What the exercise asks: What is the number of lines in the data holding the word "Light"? Give that number by itself.

Web page caption snippets

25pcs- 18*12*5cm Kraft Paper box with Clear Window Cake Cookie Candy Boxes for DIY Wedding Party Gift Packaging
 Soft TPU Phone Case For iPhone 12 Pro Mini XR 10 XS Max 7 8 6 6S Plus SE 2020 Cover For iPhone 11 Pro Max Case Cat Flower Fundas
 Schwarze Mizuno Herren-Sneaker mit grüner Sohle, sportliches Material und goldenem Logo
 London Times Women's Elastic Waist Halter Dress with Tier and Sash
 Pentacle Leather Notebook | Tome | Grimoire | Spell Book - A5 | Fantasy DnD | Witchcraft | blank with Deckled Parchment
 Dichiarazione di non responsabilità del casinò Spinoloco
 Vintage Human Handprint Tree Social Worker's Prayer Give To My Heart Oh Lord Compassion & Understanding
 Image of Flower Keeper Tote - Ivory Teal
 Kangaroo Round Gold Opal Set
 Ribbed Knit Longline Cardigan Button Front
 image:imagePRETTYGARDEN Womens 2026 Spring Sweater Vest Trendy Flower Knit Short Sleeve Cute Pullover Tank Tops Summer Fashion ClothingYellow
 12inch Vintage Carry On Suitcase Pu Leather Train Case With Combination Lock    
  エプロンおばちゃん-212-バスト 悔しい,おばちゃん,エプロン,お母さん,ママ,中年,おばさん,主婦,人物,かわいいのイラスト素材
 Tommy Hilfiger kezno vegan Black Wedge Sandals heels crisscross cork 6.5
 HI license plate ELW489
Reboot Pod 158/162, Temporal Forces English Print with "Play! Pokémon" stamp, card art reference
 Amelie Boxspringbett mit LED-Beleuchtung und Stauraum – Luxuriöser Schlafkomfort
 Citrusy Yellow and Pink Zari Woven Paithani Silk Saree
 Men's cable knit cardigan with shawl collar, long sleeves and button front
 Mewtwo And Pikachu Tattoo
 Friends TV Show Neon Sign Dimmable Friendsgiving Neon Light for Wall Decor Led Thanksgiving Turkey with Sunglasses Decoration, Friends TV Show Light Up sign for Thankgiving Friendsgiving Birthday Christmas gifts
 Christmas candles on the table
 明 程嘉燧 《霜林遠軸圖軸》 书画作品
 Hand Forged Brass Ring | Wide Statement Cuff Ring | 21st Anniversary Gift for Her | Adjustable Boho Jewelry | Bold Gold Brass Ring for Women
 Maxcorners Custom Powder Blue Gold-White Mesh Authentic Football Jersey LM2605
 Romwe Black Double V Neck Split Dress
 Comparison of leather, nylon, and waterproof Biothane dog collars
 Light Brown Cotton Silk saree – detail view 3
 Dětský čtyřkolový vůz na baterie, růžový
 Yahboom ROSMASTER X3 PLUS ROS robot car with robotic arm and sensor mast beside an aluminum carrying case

Answer to the problem: 2